- **Problem statement**
Print each record exactly as it appears, but drop the images.

- **Working data**

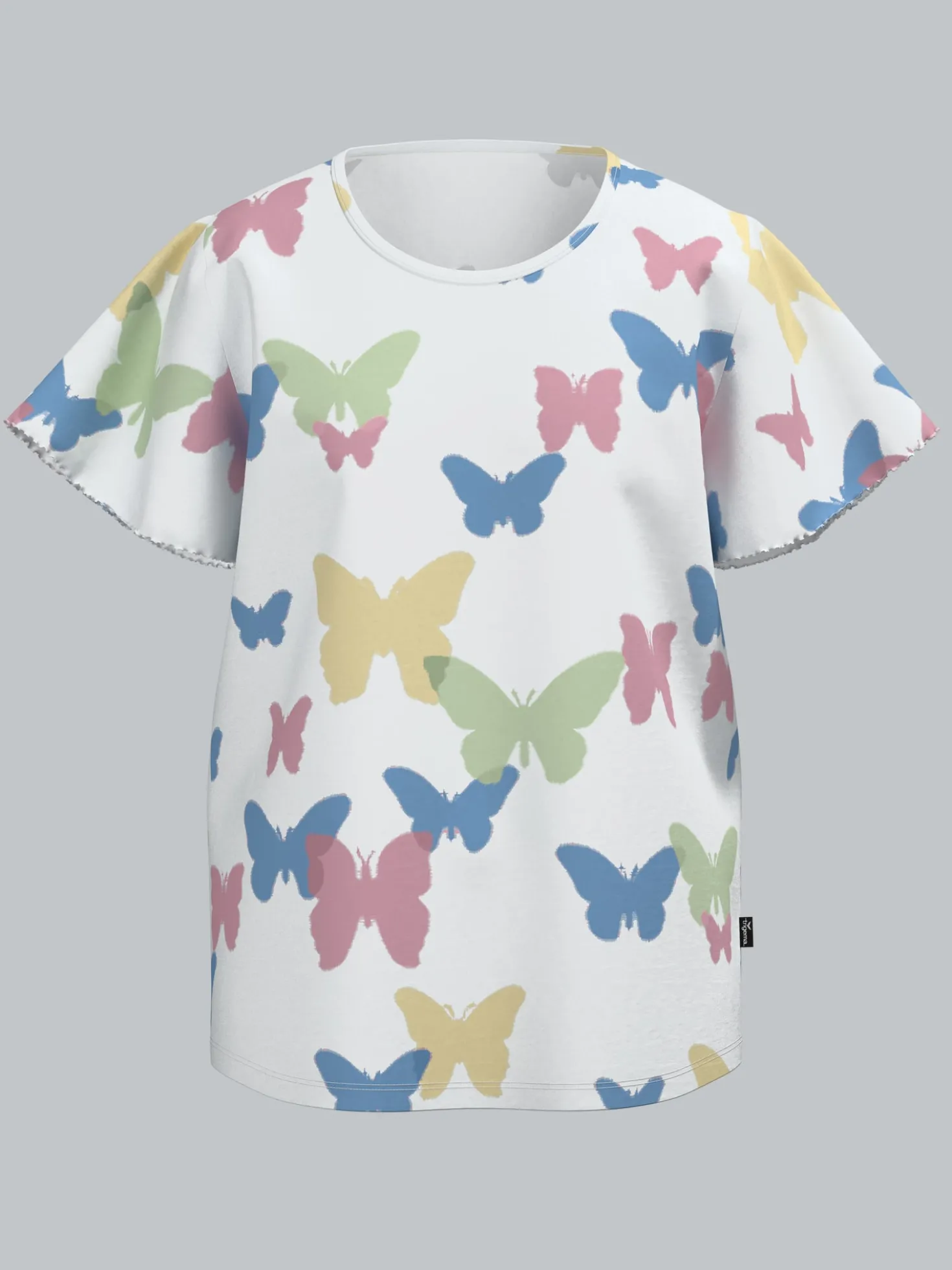 T-Shirt mit Allover-Druck "Schmetterlinge" Weiss
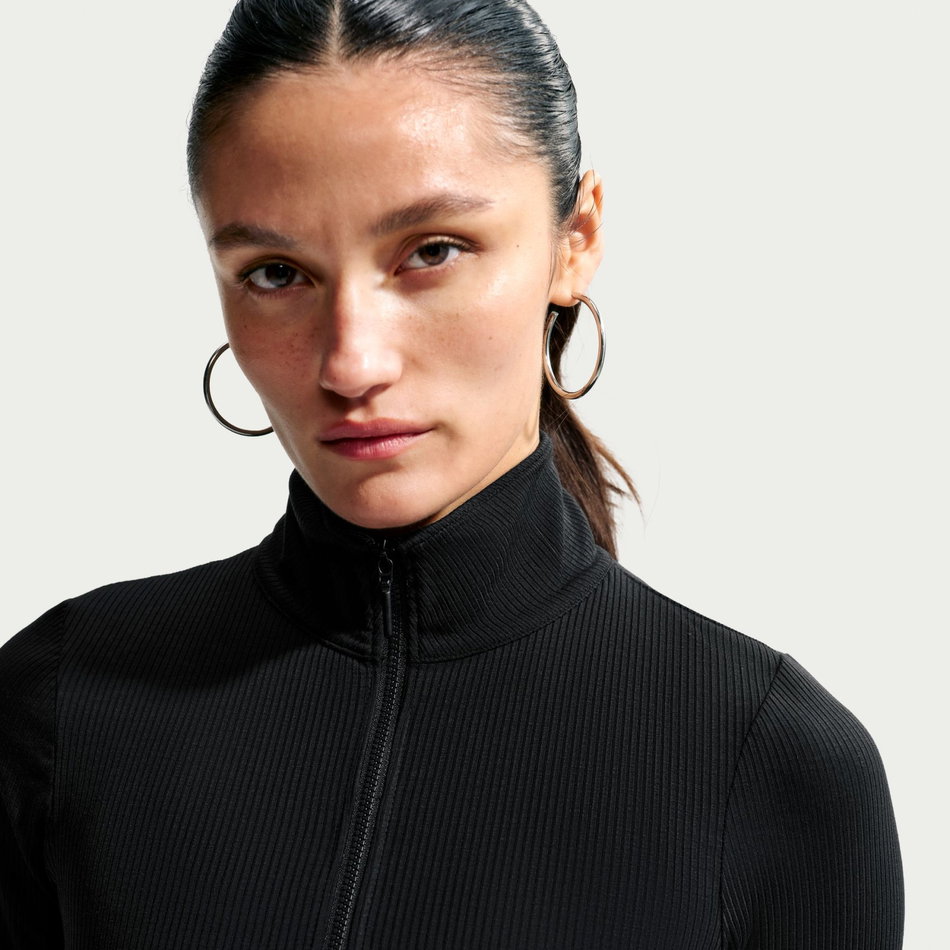 Chill Knit Rib Qz Ls Top Kadın Siyah Sweatshirt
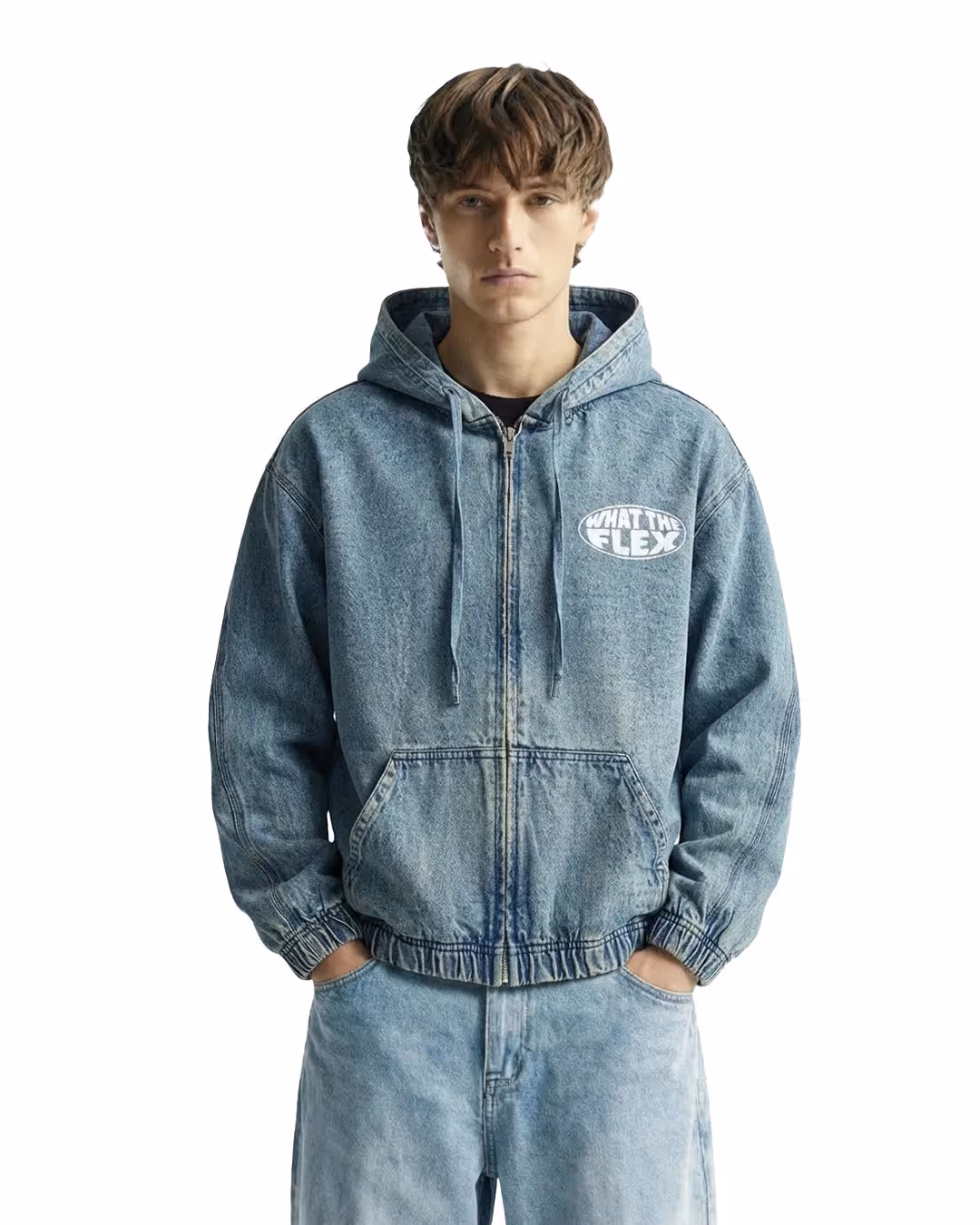 Street Blue Denim Hoodie image 2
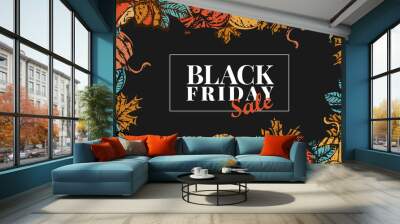 Black friday sale banner with fall elements. Chestnut tree and maple tree leaves and pumpkin. Autumn hand drawn elements. Wall mural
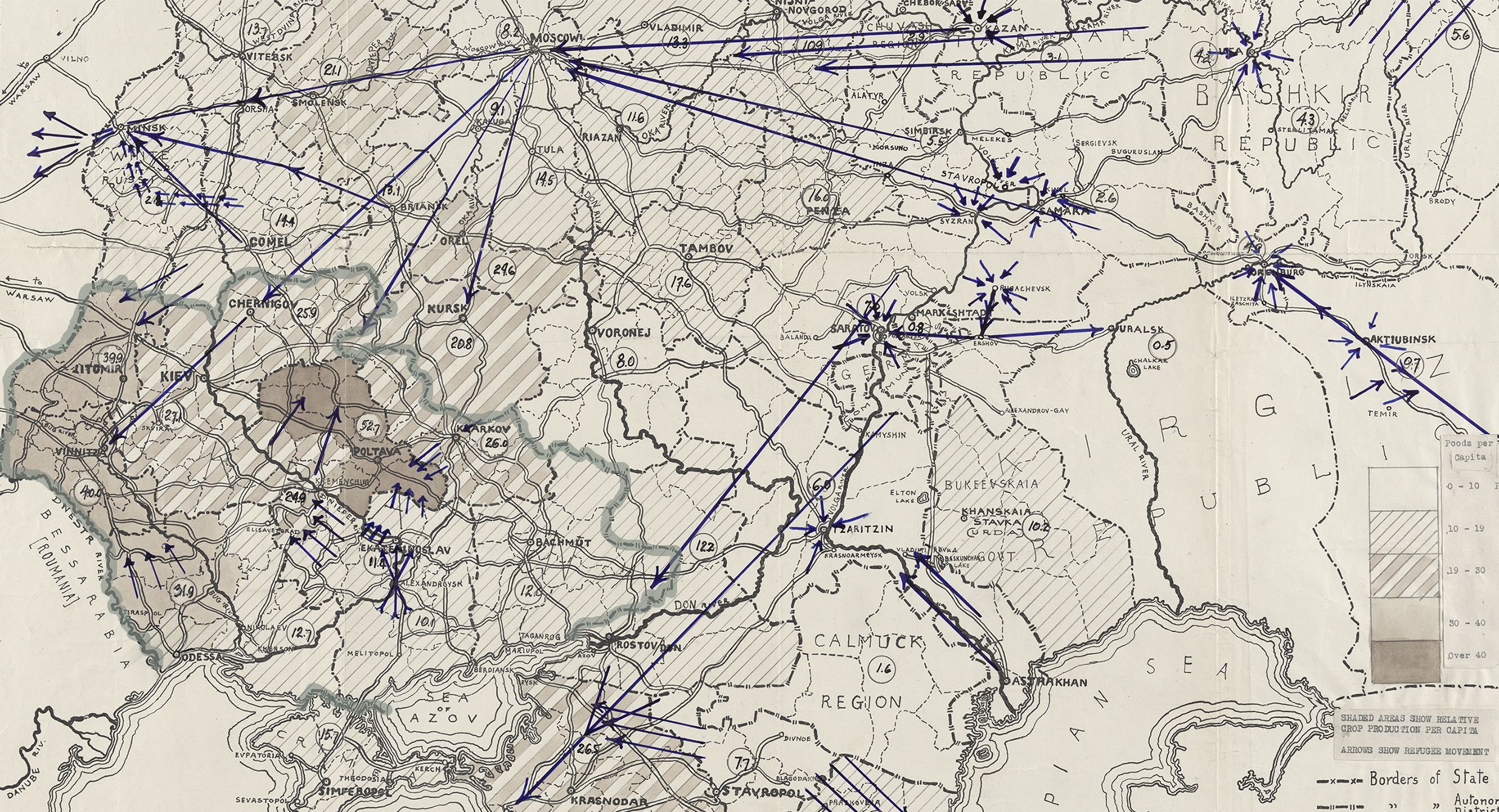 Detail of Map of Russia Showing Refugee Movements by the ARA based on “Soviet Government Statistics,” circa 1923.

- **Final answer**
 T-Shirt mit Allover-Druck "Schmetterlinge" Weiss
 Chill Knit Rib Qz Ls Top Kadın Siyah Sweatshirt
 Street Blue Denim Hoodie image 2
 Black friday sale banner with fall elements. Chestnut tree and maple tree leaves and pumpkin. Autumn hand drawn elements. Wall mural
 Detail of Map of Russia Showing Refugee Movements by the ARA based on “Soviet Government Statistics,” circa 1923.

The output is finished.